Saturday, May 6, 2023

5th Sunday of Easter, Year A (Gospel: John 14:1-12) Life after death


This Gospel passage is one that I nearly always read at funerals. To me it perfectly sums up so much of what we believe happens at death. So often we think of this life as being everything and when it’s over, we go to some kind of spiritual retirement home, where we ‘rest in peace’. In some ways that is to see it the backwards. Our society tells us that this life is everything, so enjoy it all you can and try and gain as much pleasure and satisfaction as you can, before it’s over. The Lord tells us that this life is a time of getting ready for the world to come, which is what we are created for. This is our time of learning about love and service and about God. It is also our time of free will when we must choose to accept or reject God. When our time on earth is complete, the Lord will take us to be with him forever, unless we have rejected him.

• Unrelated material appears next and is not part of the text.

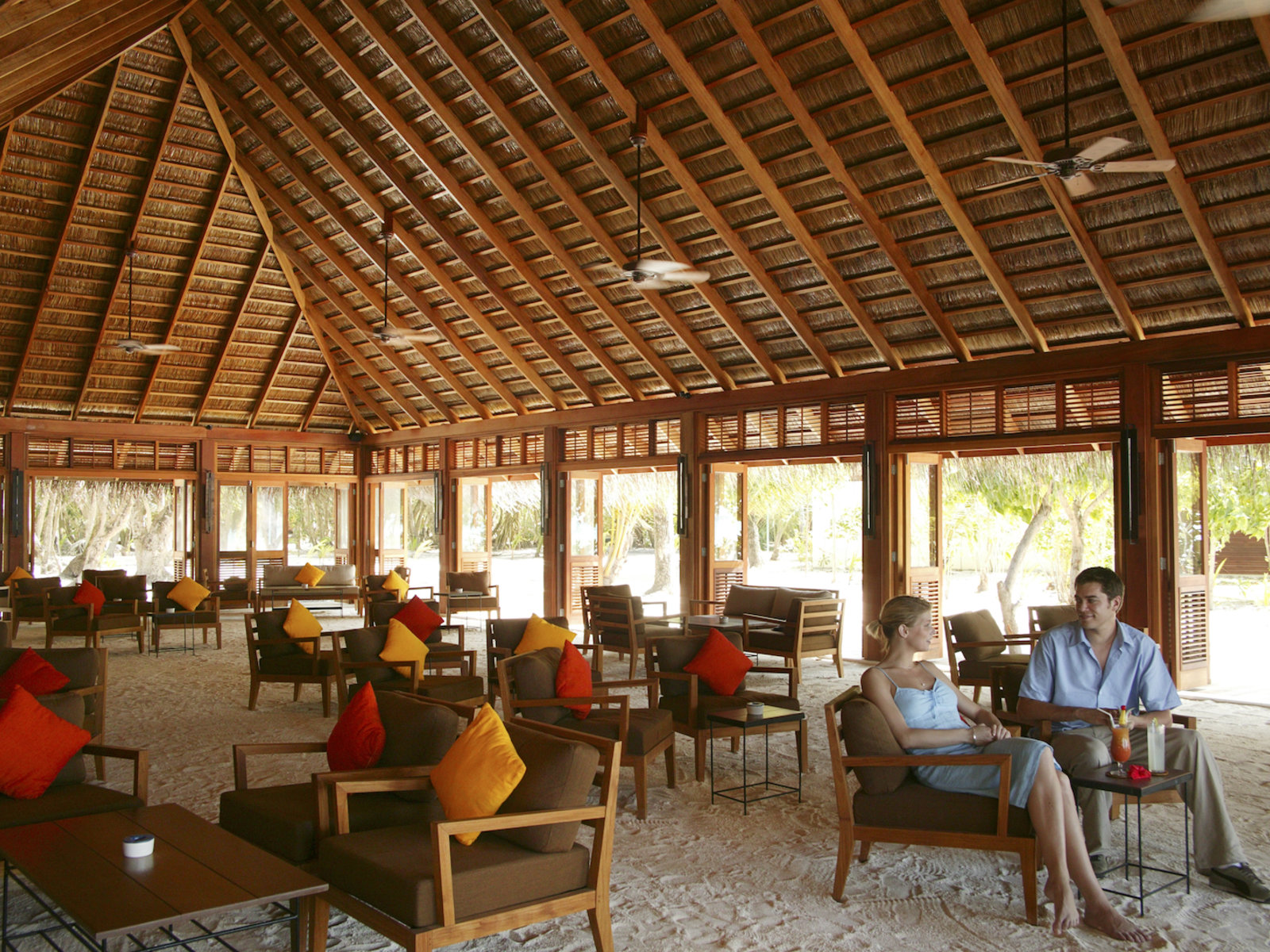 Uthuru Bar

I am going to prepare a place for you…’ There is a place waiting for us.

I will come and take you to myself, so that where I am, you also may be.’


When our time on earth is complete, the Lord will come for us. Even just to put it that way, as opposed to saying, ‘when our life is over,’ makes a big difference. Our life isn’t over, just our time on earth. Our mortal bodies will die, but then we will have glorified or spiritual bodies and we will no longer be bound by time and space and where we will live more intensely than we do here on earth. We will experience everything just as we do now, but at a higher level of intensity than we do now.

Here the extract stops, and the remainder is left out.